Les Editions « Le Cavalier Bleu » ont publié en janvier dernier l’ouvrage, « Mega Istanbul. Traversées en lisières urbaines ». Ses auteurs, Yoann Morvan et Sinan Logie, sont respectivement anthropologue chargé de recherches au CNRS et architecte enseignant à l’université Bilgi d’Istanbul. A travers certains interstices de la mégapole stambouliote, Yoann Morvan et Sinan Logie mettent en évidence les mutations de ces dernières, révélatrices du contexte social, économique et politique de ce début du XXIe siècle en Turquie.
Le livre se compose de sept parties, cernant une frange urbaine choisie et les thématiques qui lui sont associées. Ainsi, le chapitre « Aux sources d’Istanbul » révèle les transformations connues par la plaine alluviale des « Eaux douces d’Europe » et l’arrondissement de Kağıthane, tiraillé entre parc paysager, vocation industrielle renforcée et nouveau parc immobilier sous l’influence du troisième aéroport (İstanbul Havalimanı) opérationnel depuis avril 2019. Les chapitres portent à la fois sur les rives européenne et asiatique de l’ancienne Constantinople. Néanmoins, plusieurs logiques ressortent nettement : un étalement urbain gigantesque, auquel participent des migrations campagne/ville importantes, mais aussi dans lequel s’enferment les catégories plus favorisées. Ces deux mouvements débouchent sur des espaces de moins en moins poreux, se juxtaposant les uns aux autres.
L’urbanisation massive de la mégapole est favorisée par la collusion entre le secteur privé immobilier et l’AKP d’Erdoğan. Dans toutes les strates urbaines choisies, le discours de Morvan et Logie est sans appel : un secteur du BTP en pleine croissance, lié aux conjonctures électoralistes du parti au pouvoir, dans le but de faire d’Istanbul une vitrine turque à l’international. A cette fin, le passé est revisité et ré-inventé : si les monuments byzantins sont délaissés (à l’exception de ceux attirant les touristes, comme Ste Sophie), l’architecture ottomane est exaltée, voire pastichée à travers la construction de mosquées ou shopping mall, ces derniers jouant le rôle de nouvelles centralités pour les classes moyennes et aisées. Le paradoxe même se trouve dans la figure de l’architecte Sinan : érigé en icône du passé ottoman, ses origines arméniennes sont tues, comme l’histoire des « minoritaires » (Grecs, Juifs de Silivri) qui ont constitué la ville. Le passé d’Istanbul, à travers sa morphologie, est donc expurgé de ses différentes communautés et religions.
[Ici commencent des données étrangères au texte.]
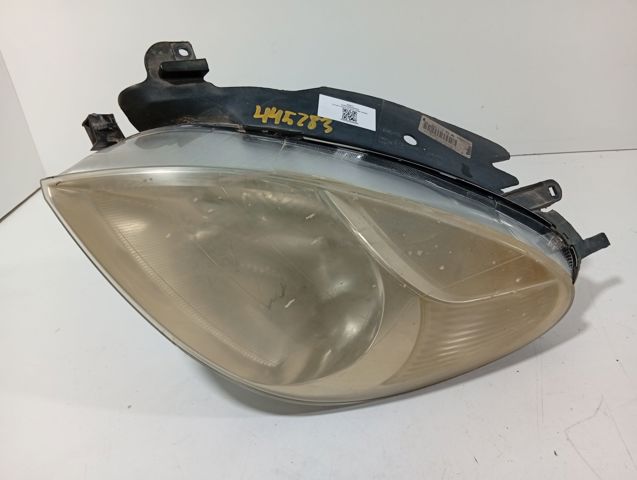 Reflektor lewy 9649557480 PEUGEOT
Ainsi, l’histoire ottomane est homogénéisée, permettant la mise en valeur d’un nationalisme turc conservateur et musulman sunnite.
Les ravages de l’immobilier sont aussi bien décrits : impact sur l’environnement (Dilovası pollué par les usines textiles et de peintures), éviction des populations gênantes par pression diverses (quartier populaire de Gülsuyu livré à l’insécurité des trafiquants de drogue, avec bénédiction de la police, afin que les habitants des gecekondu déménagent, laissant le terrain libre aux promoteurs immobiliers… un terrain d’autant plus propice que la vue est imprenable sur les îles aux Princes) … Il est d’autant plus intéressant d’observer ces mutations dans une Istanbul considérée comme un des points chauds de l’urbanisation, que Sinan Logie est le fondateur de « Beyond Istanbul », une ONG défendant la justice spatiale, nécessaire au vue de ce qu’il expose ici.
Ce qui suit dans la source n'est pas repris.